Vol. 12, No. 5  Week of February 04, 2007
Gary Park

Shell Canada is apparently not going to be distracted from taking care of business by uncertainty over its future.

Despite being in the thick of a tug-of-war between Royal Dutch Shell and unhappy minority shareholders over control of Shell Canada, the Canadian subsidiary is pushing ahead with the most ambitious oil sands expansion yet.

A public disclosure document set a new long-term goal for Shell Canada of producing 770,000 barrels per day of bitumen from its Athabasca mining projects — up from its current production of 155,000 bpd and its previous long-term goal of about 550,000 bpd.

As well, Shell Canada’s grand plan includes an expansion of its upgrading capacity near Edmonton to process 700,000 bpd of bitumen.

Amid Royal Dutch Shell’s decision to hike its cash offer to C$45 a share from C$40 a share for the 22 percent of Shell Canada it does not already own and threats by dissident shareholders to take their fight to court, Shell Canada Chief Executive Officer Clive Mather stole some of the spotlight by rolling out his expansion dreams.

He said the announcement was consistent with the company’s existing business plans and had already been factored into consideration of Shell Canada’s value.

Mather said the expansion will proceed regardless of shaky oil prices, construction cost pressures or demands for tougher environmental standards for the oil sands.

“There are many challenges that we have to overcome, but this is a great business opportunity and the rewards will be there in the long-term,” he told the Calgary Herald.

Expansion includes two new projects

In a statement, he said the expansion includes two new mining projects — one to enlarge the existing Jackpine mine at the Athabasca operation and one involving a new 200,000 bpd mine at nearby Pierre River — plus regulatory approvals already in hand for additions to Athabasca.

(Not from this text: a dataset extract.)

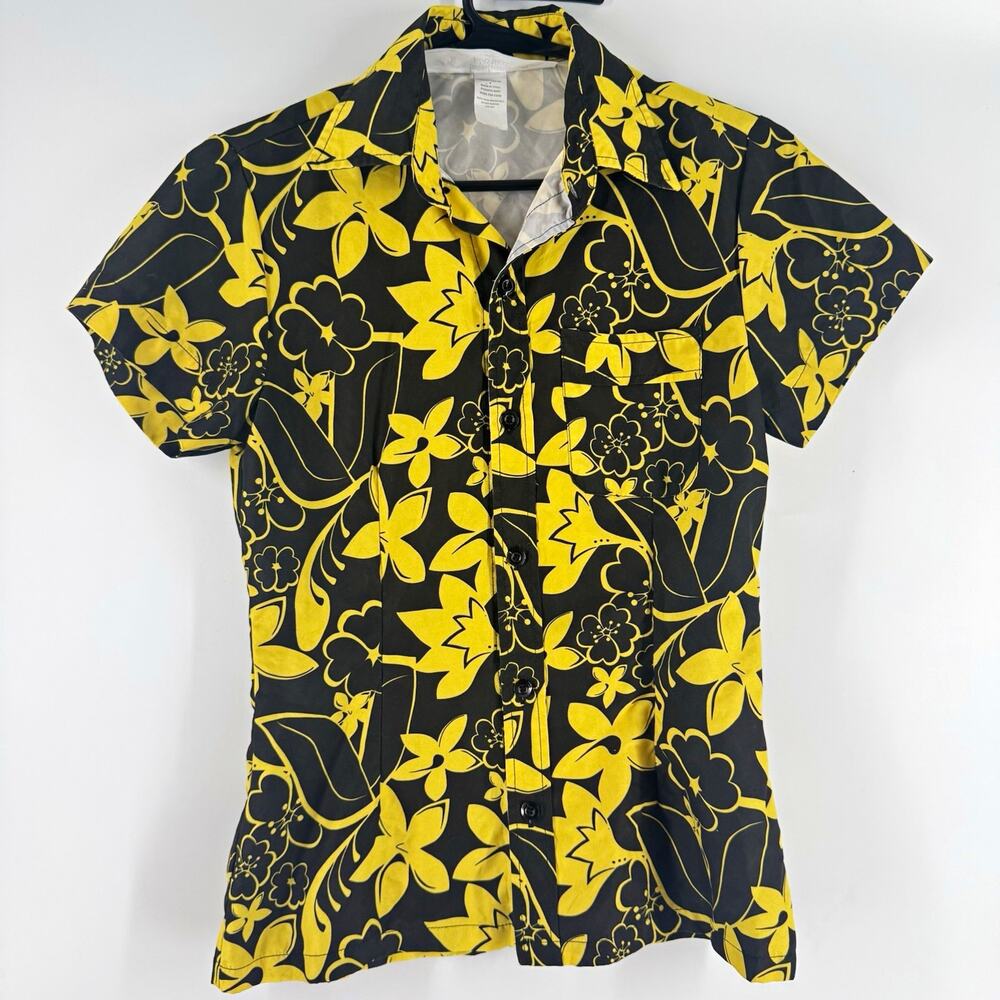 Fear and Loathing in Las Vegas Women’s Black Yellow Floral Hawaiian Shirt S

Mather said it is important to obtain early stakeholder input and regulatory support for the “building block” expansion, even though the work could be many years away.

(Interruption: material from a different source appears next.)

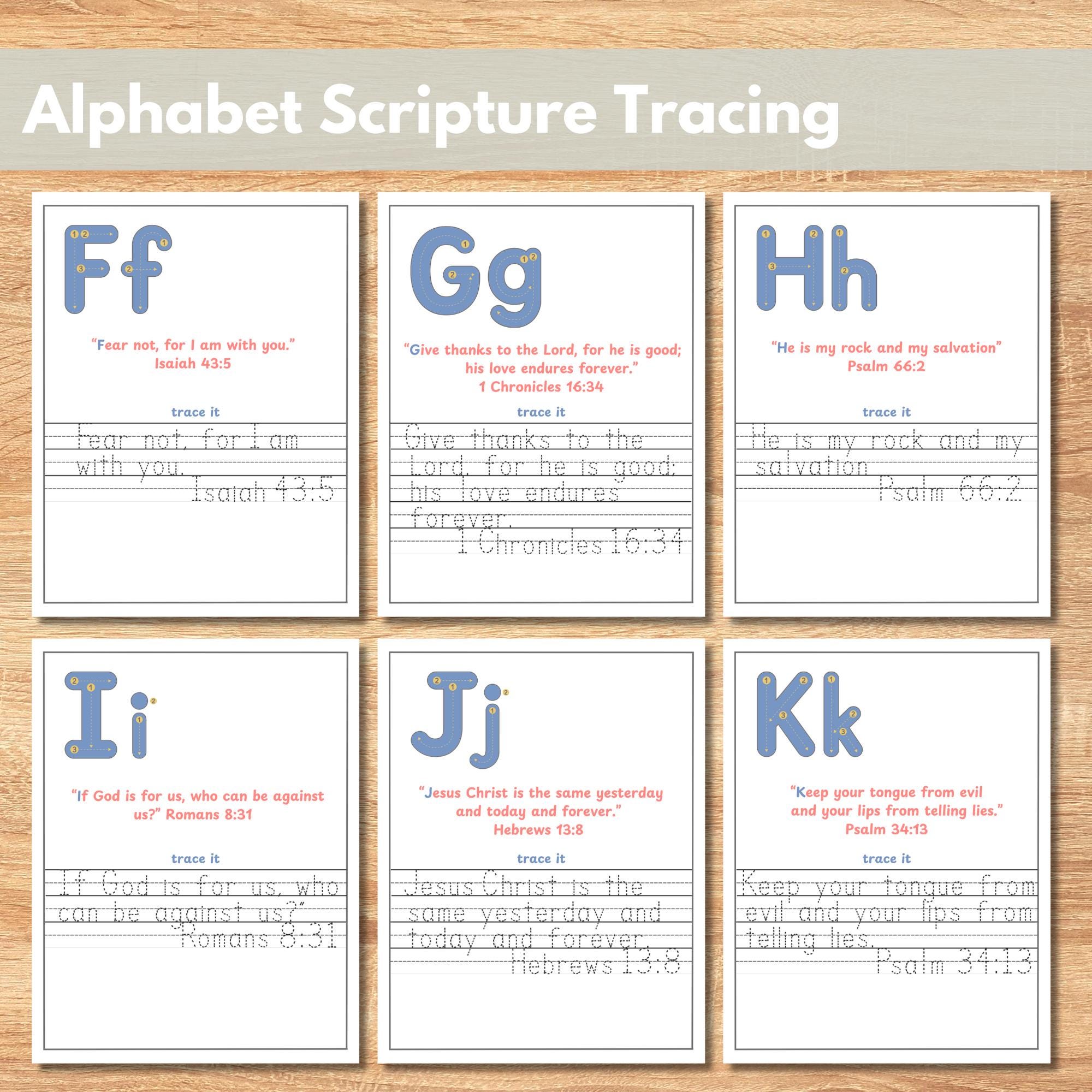 Scripture Alphabet Handwriting Practice Pages, Charlotte Mason Copywork ...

Shell Canada is already preparing regulatory submissions and public consultations will take place in 2007 and 2008, but the final timing hangs on market conditions, key economic indicators, the ability to meet the company’s sustainable development criteria and the outcome of the regulatory process.

Currently there is an estimated 5 billion barrels of bitumen in place to support the expansions, raising Shell Canada’s approved and proposed minable developments to about 10 billion barrels.

It is not clear whether Shell Canada’s partners in Athabasca and its current 100,000 bpd addition — Chevron Canada and Western Oil Sands, each with a 20 percent stake — intend to join the ride to 770,000 bpd.

The junior partners have approved participation in the project, but don’t have to make a final commitment until feasibility studies are completed and cost estimates are available.

There is also a question mark hovering over Western. If Royal Dutch Shell does take control of its Canadian unit, there is a growing belief that it will quickly make an offer for Western.